If you can abide plot spoilers read on, but as this blog’s intended for those who’ve seen the film—or want to save some bucks—to help any of you who’d like to learn more details yet avoid important plot-reveals I’ll identify such give-away sentences/sentence-clusters thusly: 
⇒The first and last words will be noted with arrows and red.⇐ OK, now continue on if you prefer.

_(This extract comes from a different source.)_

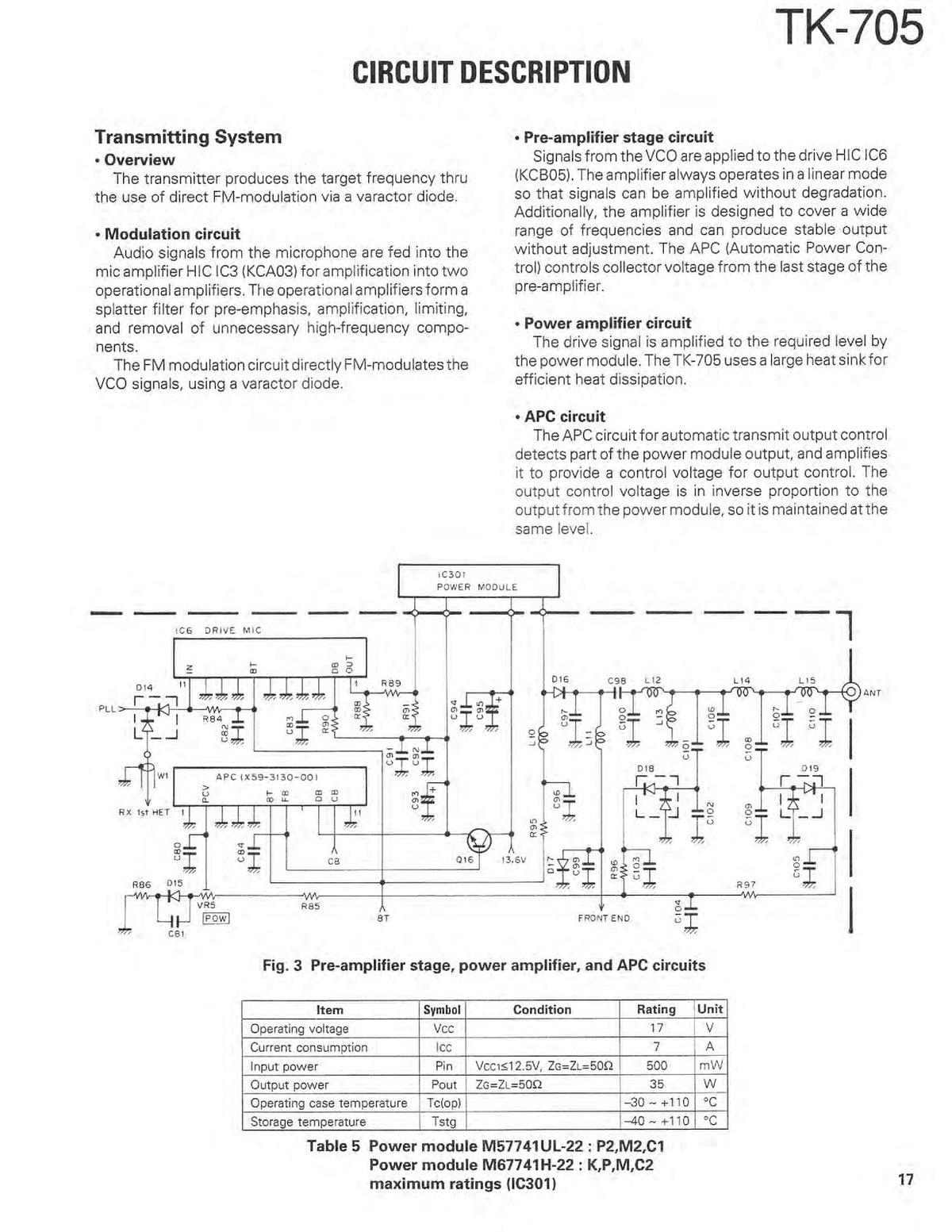 KENWOOD TK-705 TK-805D Two-Way Radio Service Manual BUNDLE - WIRE BOUND - COVERS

 With no disrespect intended to Liam Neeson (a marvelous actor), honestly the main reason my marvelous wife, Nina, and I even saw The Commuter is we had plans to meets some friends for dinner on a Thursday night a month ago but going from our Bay Area (CA) suburb to their Bay Area suburb takes about an hour when traffic is light, not in the middle of (inappropriately-named) rush hour, so we headed from Hayward out to Pleasant Hill in the early afternoon to kill some time at a movie.  However, based on what was available, what we’d already seen, show times, etc., we ended up half-heartedly choosing Neeson’s latest action-adventure-flick (3 Takens [about foiling kidnappers] since the first one in 2008 [Pierre Morel]—plus sequels by Olivier Megaton [2012, 2014] along with Non-Stop [Collet-Serra, 2014], which takes place in a most-confining-environment, a jet airliner in flight, where there’s little consideration of jumping off the moving vehicle to escape, as in The Commuter).  Critical response was weak (RT 58%, MC 56%), although the previous opening-weekend-domestic (U.S.-Canada)-income was impressive at $15.8 million (although still limp compared to Jumanji: Welcome to the Jungle [Jake Kasdan, 2017] at $35.2 million that week after having already been out for a month [its worldwide total’s now at about $883.4 million, The Commuter’s now at $92.6 million globally]), so had the schedules been different we might have been rockin’ with The Rock, but for us it was time to board The Commuter train.  The trip, overall, was effectively tension-filled and entertaining, with constant complications that keep piling up the same way the train does at the end, but you also know throughout that no matter how desperate the situation seems to be our hero is destined to triumph because—after all—if he doesn’t, then why would anyone want to depart from a thrill ride like this one in a bummed-out state of mind?*

*If you’d rather just add this summary video (5:25) to my written wrap-up rather than see Liam's movie for yourself, please note it also contains plenty of plot spoilers (and some inaccuracies—the video analyst refers to Farmiga‘s character as “Lorraine” rather than “Joanna“; Mike doesn’t forget his phone, it’s stolen from him as he rushes for his train; the person he’s looking for on the train is named “Prynne,” not “Prinn,” based on Hester Prynne in Nathanial Hawthorne’s novel, The Scarlet Letter (1850), which Sofia is reading when Mike finally figures out she’s the one he’s been looking for⇐—but otherwise it’s a useful take on The Commuter, noting notable plot problems).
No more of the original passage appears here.